Exercise directions:
Leaving out every picture, copy the lines of the material below exactly, from the line containing "Pol Brielle Meadow" through the line containing "Piccolo Organic Pear".

Records provided:
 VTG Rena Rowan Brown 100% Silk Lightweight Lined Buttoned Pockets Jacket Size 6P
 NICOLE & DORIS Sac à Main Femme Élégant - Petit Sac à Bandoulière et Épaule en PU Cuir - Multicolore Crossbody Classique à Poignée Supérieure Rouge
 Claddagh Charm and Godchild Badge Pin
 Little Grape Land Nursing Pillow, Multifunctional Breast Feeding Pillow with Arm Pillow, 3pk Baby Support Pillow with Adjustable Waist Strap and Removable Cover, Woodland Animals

...

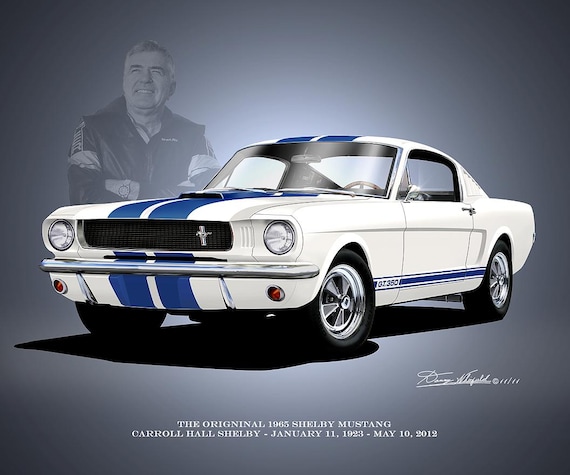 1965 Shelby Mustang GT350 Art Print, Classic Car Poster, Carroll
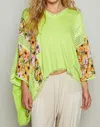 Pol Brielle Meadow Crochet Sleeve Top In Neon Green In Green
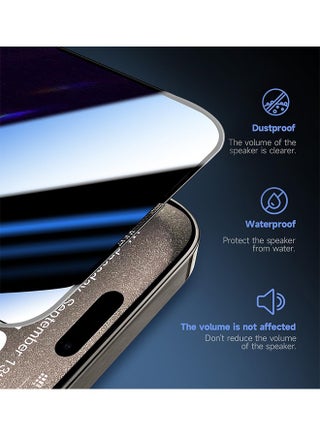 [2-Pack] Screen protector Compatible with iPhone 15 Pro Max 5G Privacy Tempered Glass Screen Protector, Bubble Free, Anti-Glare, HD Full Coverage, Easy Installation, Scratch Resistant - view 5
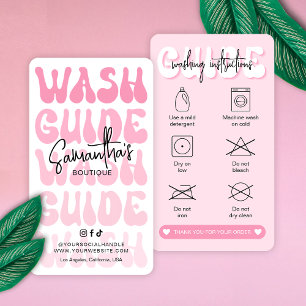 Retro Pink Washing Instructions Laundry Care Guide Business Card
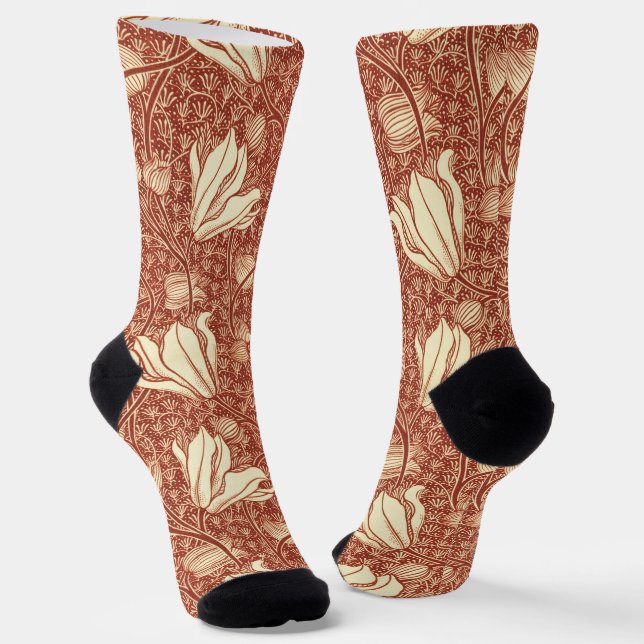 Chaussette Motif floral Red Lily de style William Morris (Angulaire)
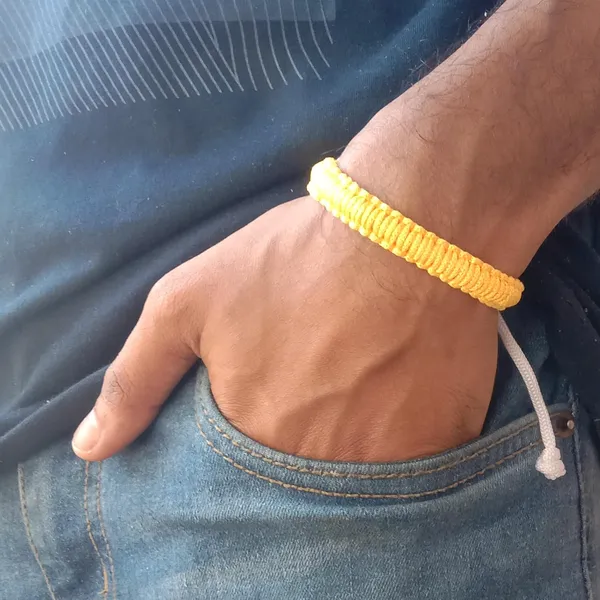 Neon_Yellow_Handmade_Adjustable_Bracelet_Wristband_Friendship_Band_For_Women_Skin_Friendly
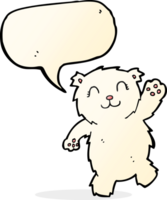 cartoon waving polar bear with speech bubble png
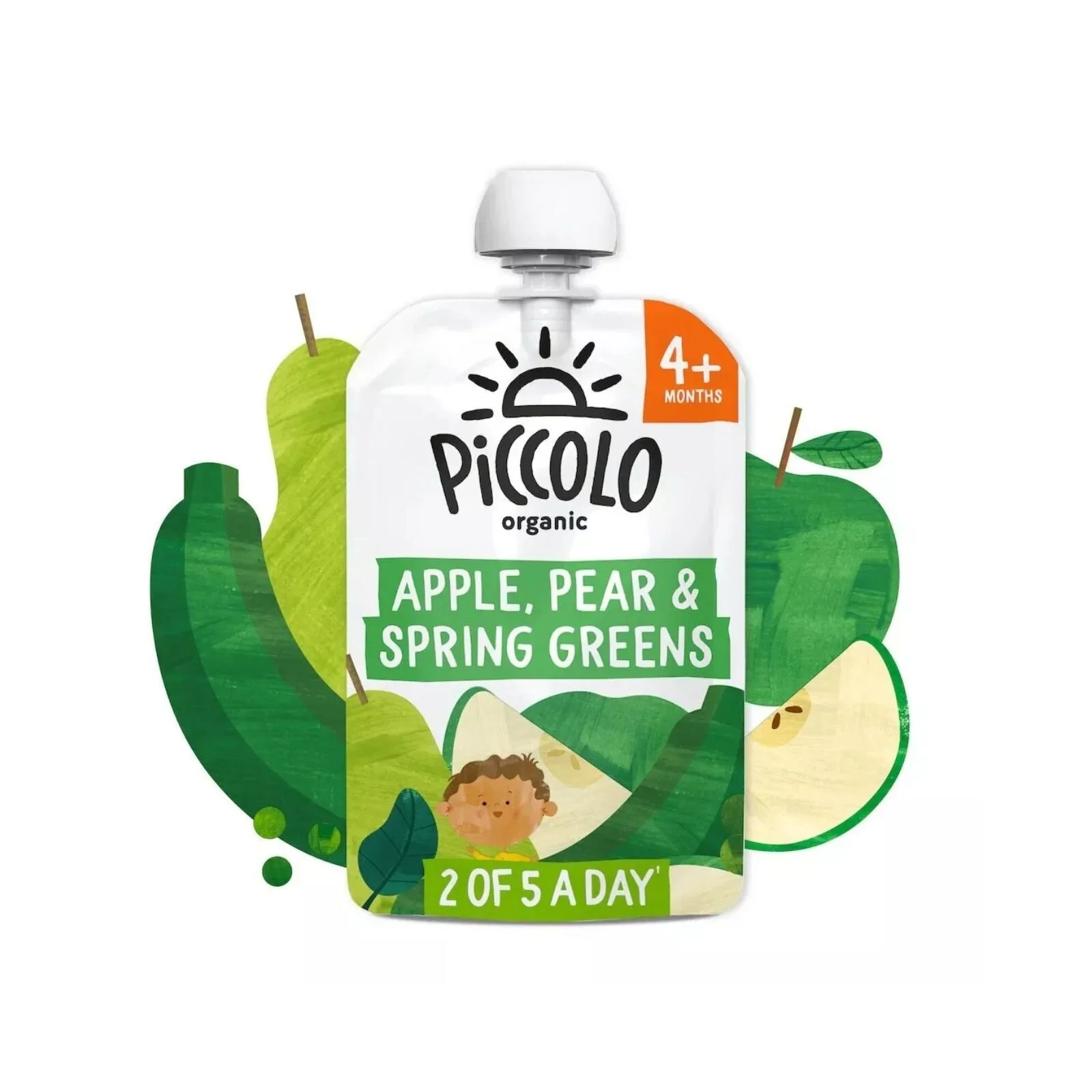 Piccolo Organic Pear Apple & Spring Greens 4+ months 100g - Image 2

Exercise answer:
 Pol Brielle Meadow Crochet Sleeve Top In Neon Green In Green
 [2-Pack] Screen protector Compatible with iPhone 15 Pro Max 5G Privacy Tempered Glass Screen Protector, Bubble Free, Anti-Glare, HD Full Coverage, Easy Installation, Scratch Resistant - view 5
 Retro Pink Washing Instructions Laundry Care Guide Business Card
 Chaussette Motif floral Red Lily de style William Morris (Angulaire)
 Neon_Yellow_Handmade_Adjustable_Bracelet_Wristband_Friendship_Band_For_Women_Skin_Friendly
 cartoon waving polar bear with speech bubble png
 Piccolo Organic Pear Apple & Spring Greens 4+ months 100g - Image 2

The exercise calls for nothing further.